Miles de personas han sido crucificadas, pero nadie ha sufrido lo que Jesús sufrió, por motivos que vamos a explicar ahora. Sufrió una combinación de dolor físico, emocional, y espiritual, el último siendo más allí de toda comprensión, infinitamente más terrible. Las tres clases de dolor tenían en comunión la separación.
Dolor físico: Los romanos habían ideado esta clase de muerte para el peor de los criminales. Se trataba de un dolor desgarrador, de la separación de los músculos y tendones de los huesos, una agonía lenta de dolor insoportable que a veces duraba hasta tres días. El cuerpo trabajaba contra sí mismo, su peso haciendo presión sobre los pulmones de manera que la víctima no podía respirar y terminaba por asfixiarse. Las cruces estaban puestos en esta ocasión para ejecutar a tres revolucionarios notorios, como si fueron de ETA en nuestros días, enemigos de Roma. La de en medio tenía que haber sido para Barrabás, el jefe de los terroristas, pero en el último momento él fue substituido por Jesús.
Dolor emocional: Jesús fue humillado, calumniado, insultado, ridiculizado, incomprendido, odiado y despreciado. Todos sus discípulos le abandonaron. La gente que había escuchado sus mensajes, los que habían recibido sanidad, ningún estuvo a su lado. Su nación le había rechazado. La religión oficial le había condenado. Fue sacado fuera de la Cuidad, dejado para morir solo en agonía. Se quedó solo en el universo. Los salmos proféticamente revelan sus sentimientos más profundos: “El escarnio ha quebrantado mi corazón, y estoy acongojado. Esperé quien se compadeciese de mí, y no lo hubo; y consoladores, y ninguno hallé. Me pusieron además hiel por comida, y en mi sed me dieron a beber vinagre” (Salmo 69:20, 21).
Dolor espiritual. Este dolor consistía en la separación de su Padre, de su misma esencia, de su identidad, de su Ser. El Padre y el Hijo eran de la misma sustancia, compartían la misma Deidad, por la eternidad habían sido Uno, imposibles de separar sin repercusiones cósmicas, cómo la separación del átomo que produce la bomba atómica. En el Calvario se divorció de sí mismo, y se separó la fuerza que mantenía en funcionamiento el universo. Sin poder respirar, bloqueado de dolor, en lo más hondo de su ser clamó a Dios. No se acordó de los soldados, o del pueblo judío, o de sus amigos, sino de su Dios.
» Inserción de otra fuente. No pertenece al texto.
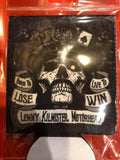 Lemmy Kilmister black coozie featuring a black and white stylized skull image of him with the words 'Born to Lose, Live to Win, Lemmy Kilmister Motorhead' in black text on white banner backgrounds, photographed inside the clear cellophane packaging.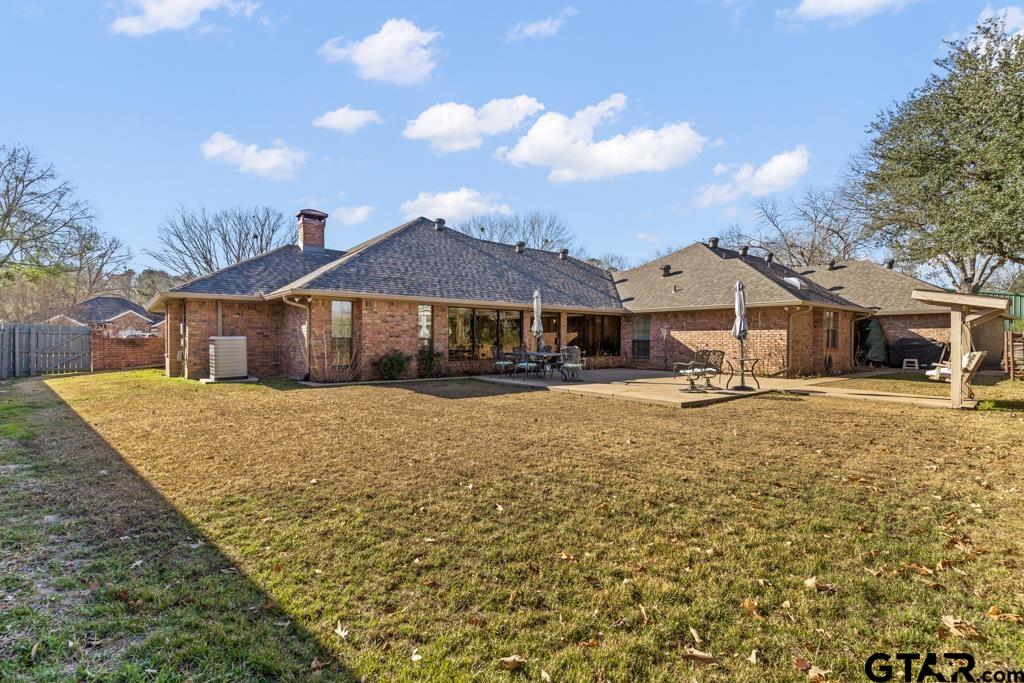 106 Cheyenne Street Gilmer, TX 75644 - Photo 35 of 48 a house with green field in front of it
No gritó: “Dios”, que habría sido una falta de respeto, sino “Dios mío”. El Dios de su alma y de sus entrañas le había abandonado, y oscuridad cubría la faz de la tierra. Del corazón de las tinieblas salió una solitaria voz diciendo: “Dios mío, Dios mío, ¿por qué me ha desamparado?” No había contado con aquello. “¿Por qué estás tan lejos de mi salvación, de las palabras de mi clamor?” (Salmo 22:1). La santidad de Dios se había separado de aquel que se había hecho vil, inmundo y contaminado con nuestro pecado. “Al que no conoció pecado, por nosotros lo hizo pecado, para que nosotros fuésemos hechos justicia de Dios en él” (2 Cor. 5:21). Por esto sufrió la Cruz.